▶ WORK INSTRUCTION
Repeat the listing that follows exactly. Pictures are not part of the copy.

Start of GIVEN MATERIAL

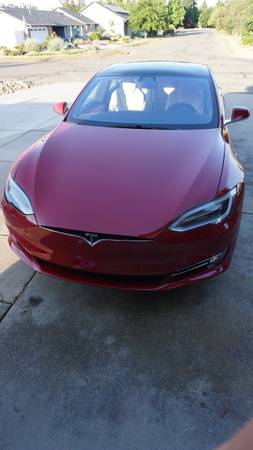 2019 Tesla Model S Long Range low miles - $30,90063619264996099122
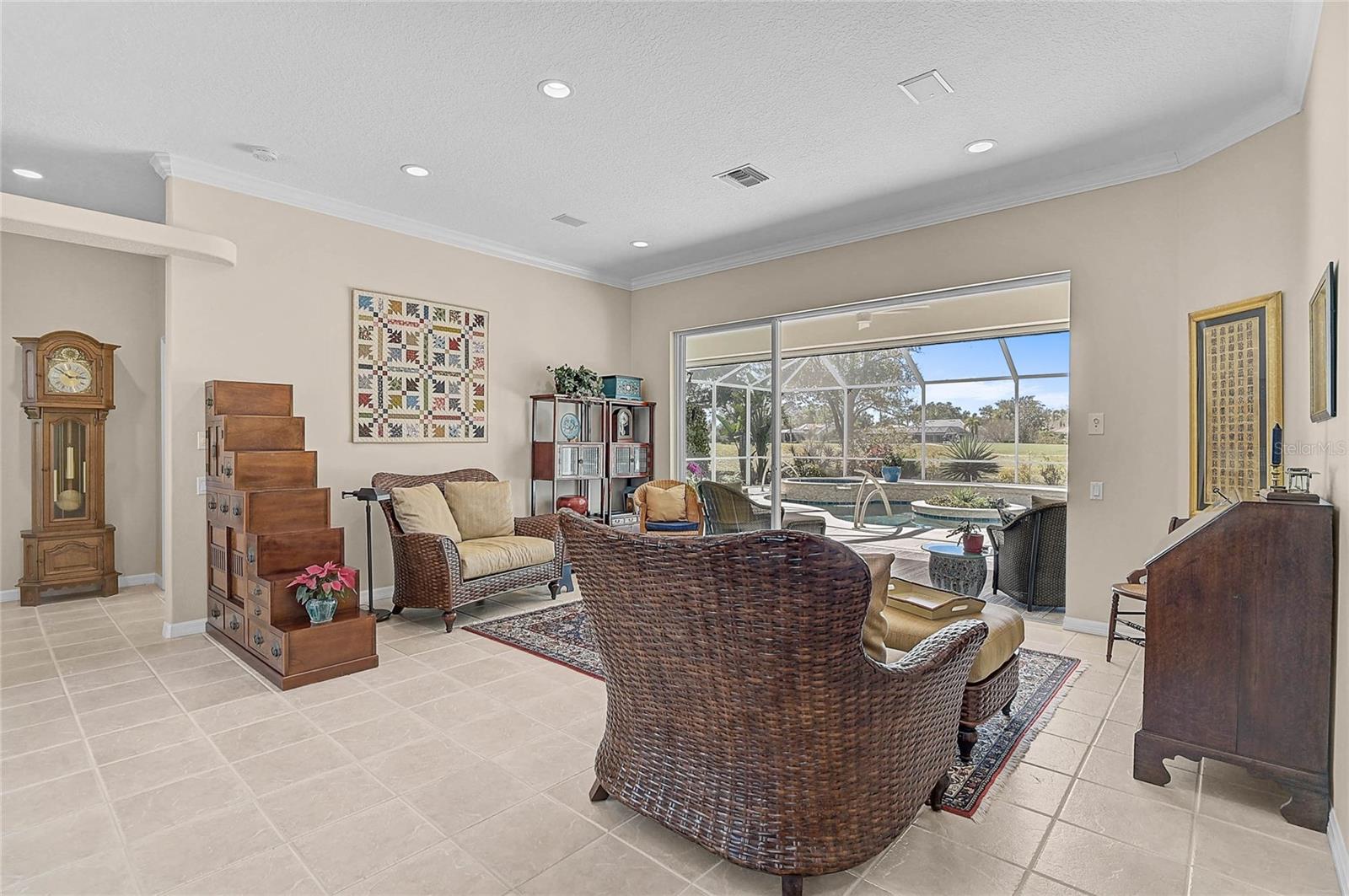 CALUSA LAKES - Residential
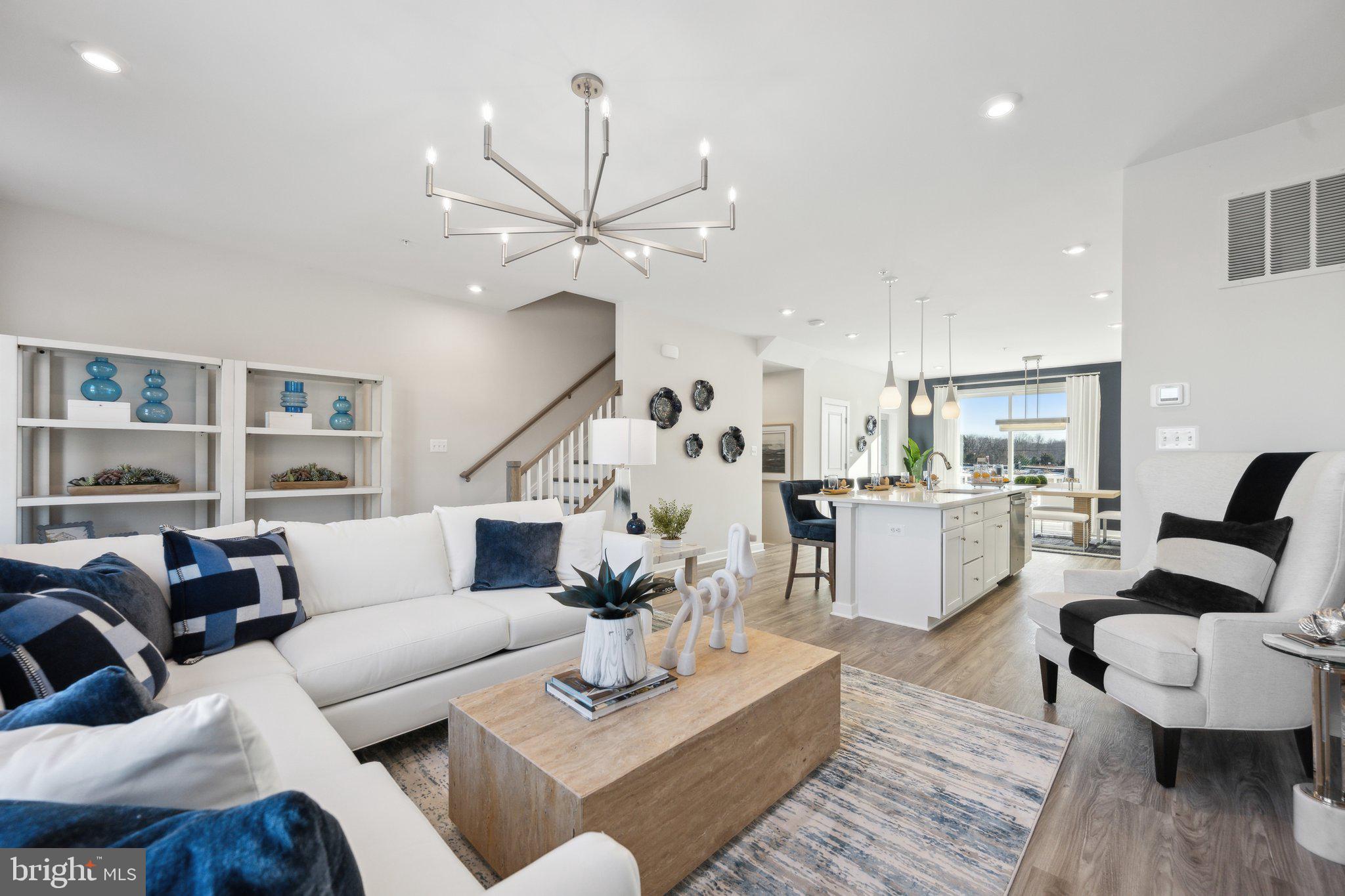 GATEWAY WEST - Residential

End of GIVEN MATERIAL

▶ ANSWER
 2019 Tesla Model S Long Range low miles - $30,90063619264996099122
 CALUSA LAKES - Residential
 GATEWAY WEST - Residential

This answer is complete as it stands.